Gündemlerinde diyorum çünkü, AKP de hemen hemen aynı psikolojik birikimden pay alıyor.

Bu sebepten ülkemizin uzun vadeli gittikçe ağırlaşan, devleşen problemlerine el atılmıyor.

Yâni memleket âdetâ sâhipsiz bırakılıyor, önemsiz işlerle oyalanıp büyük zaman kaybına uğruyor.

Önemli, ağırlıklı, uzun vadeli ciddî meselelere karşı, Tayyip bey de yooo ben asla bedel ödeyemem diyor.

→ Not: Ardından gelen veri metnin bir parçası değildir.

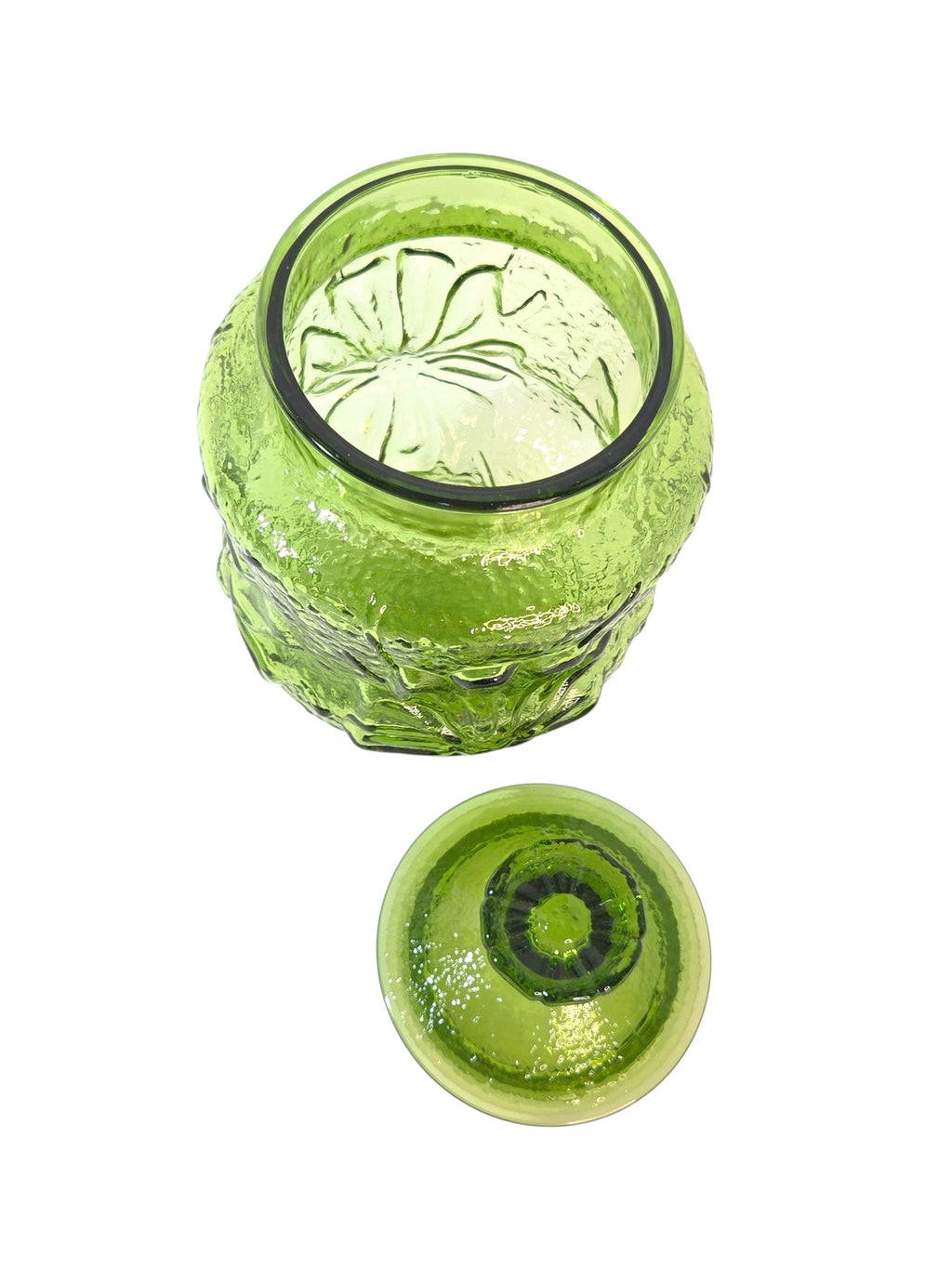 Vintage green glass Rain Flower canister by Anchor Hocking, another view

Başka bir deyimle hem AKP, hem CHP'nin cüsseleri onların ağır siklette güreşmelerine müsait olduğu halde, sürekli peşrev yapıyorlar sürekli elenselerle seyircileri oyalıyorlar.

Böyle mi olmalıydı: Meselâ aziz milletimiz AKP'yi üst üste iki kere tek başına iktidara getirdi. Bir iktidarın en güçlü olduğu dönem iktidara geldikten sonra başlayan balayı dönemidir. Çünkü millet bütün heyecan ve azmiyle o dönemde iktidarın arkasındadır. Ama nâfile AKP işi uzattı uzattı, seçime pek az bir zaman kalmış olan şu aşamada, ürke ürke açılımlar yapmaya başladı ve ürke ürke ortaya bir Anayasa paketçiği koyabildi.

Bunlar sadra şifâ olmayan, zevahiri kurtarma için yapılan, pansuman kabilinden girişimler. İnşaallah faydalı olur. Ama yetersiz.

Görülüyor ki hem CHP'nin, hem AKP'nin, memleketimizin uzun vadeli problemlerini çözecek plan ve projeleri mevcut değil ya da projeleri var fakat bedel ödemeyi göze alacak morale sahip değiller.

Bilindiği gibi AKP aleyhinde bir kapatma davası açıldı. Partinin bünyesi önemli bir yara aldı. Sayın Anayasa Mahkemesi Başkanı tekrar tekrar, mevcud kanunlar derhal düzeltilmelidir diye uyarılarda bulunduğu halde, AKP harekete geçmedi, geçemedi işi uzattı, uzattı şimdi yumurta kapıya gelmiş, değişiklik paketine bu konuyu da neden sonra listeye dahil ediyorlar.

Bu ihmâlin izânı yok. Ya da AKP'liler:

"Aheste çek kürekleri ab uyanmasın,

Bir âlemi hayale dalan mehtaaaaaab uyanmasın, şiirinin etkisi altındalar.

Bu kritik dönemde, bilhassa TBMM'de grubu bulunan partilere çok önemli görevler düşmektedir. Tabii ki gerek iktidar ve gerekse muhalefet partileri, gerçekleri, en ince ayrıntıları ile dile getirmekle mükelleftirler. Ama yapılacak karşılıklı fikir teatilerinin yapıcı ve yol gösterici olmasının ön planda tutulması gerekir.

Mesela iki gün önce Saadet Partisi Lideri Sayın Numan Kurtulmuş, partisinin ekonomik politikasını bir manifesto ile açıkladı. Bu açıklama ilmi ve yapıcı, yol gösterici oldu. Millî menfaatlerin korunması ve gözetilmesi çizgisinde yapıldı.

İtidal, vakar, ciddiyet ve tolerans içinde davranmak, siyasi nezâketin gerektirdiği üsluba riayet etmek, aynı zamanda, darbelerin ve cuntaların, teşekkül ve gelişmesine karşı da bir koruyucu kalkandır, bir teminattır. Yakıntarihimizde meydana gelen darbe ve müdahalelerden önce, sivil politikadaki kavgalar, münakaşalar, aşırı ithamlar, hadden aşkın hâle gelmiş ondan sonra, müdahaleler başgöstermiştir.

Fikre karşı kaba kuvvet her kişinin kârıdır.

Fikre karşı fikirle mukabele er kişinin kârıdır.